A Stone Age settlement, dating back to the Mesolithic period, has been unearthed in Lunt Meadows, near Sefton.
Three homes of people who could be our Scouse ancestors are lying in a 200 square metre-site in the Alt Valley, an one of them has been carbon-dated to 5,800 BC, making it almost 8,000 years’ old.
This find is a significant advance in the knowledge about Mesolithic peoples, who were always considered a very mobile group.
Ron Cowell, Curator of Prehistoric Archaeology for the Museum of Liverpool, told JMU Journalism: “The significance of this site is it seems to represent a much more settled view of these hunter-gatherers than we’d had before because the evidence wasn’t that great.

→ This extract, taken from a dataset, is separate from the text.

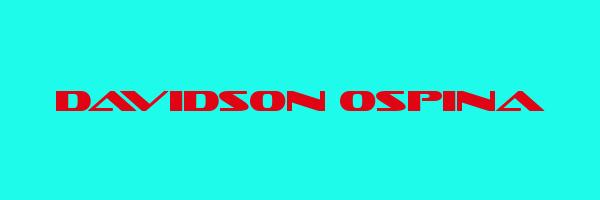 DAVIDSON OSPINA Logo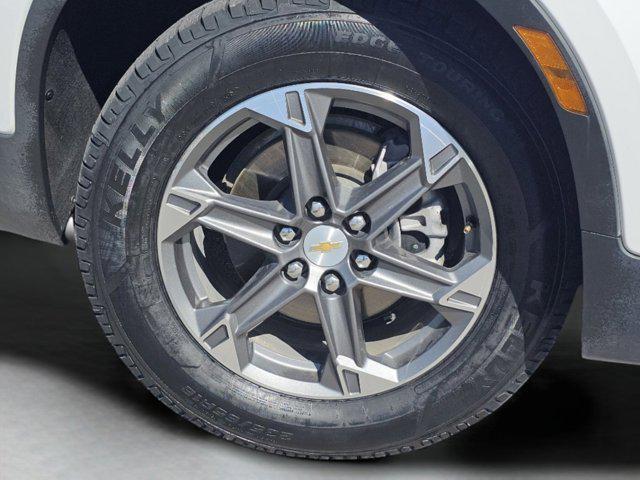 used 2024 Chevrolet Blazer car, priced at $27,895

“Our picture of them was a very highly mobile, small group of people, constantly on the move leaving very small camps behind them, but now this looks like a camp that is occupied for long periods of time by reasonably large groups of people. We’ve only got four or five sites like this in the whole of the country.
“I think what is good about our site and these other sites don’t have is that we’ve actually got environmental evidence of their surroundings and that should give us a much more complete picture of the specific environment that they were living in.”
The settlement was discovered through an operation by the Environment Agency to provide a flood alleviation scheme for the River Alt and improve the quality of its water.
Eventually, the area will be managed by the Wildlife Trust who will return it to a natural reserve, incorporating an element that describes the human interaction with the past environment.
Mr Cowell hinted that people will be able to visit the site in future and the archaeologist is hopeful the records and finds will go back to the Museum of Liverpool, allowing further research on the period and additions to galleries displaying the Mesolithic period.
He added: “When you start talking about the history of Britain, I suppose these people are right at the beginning of the story.”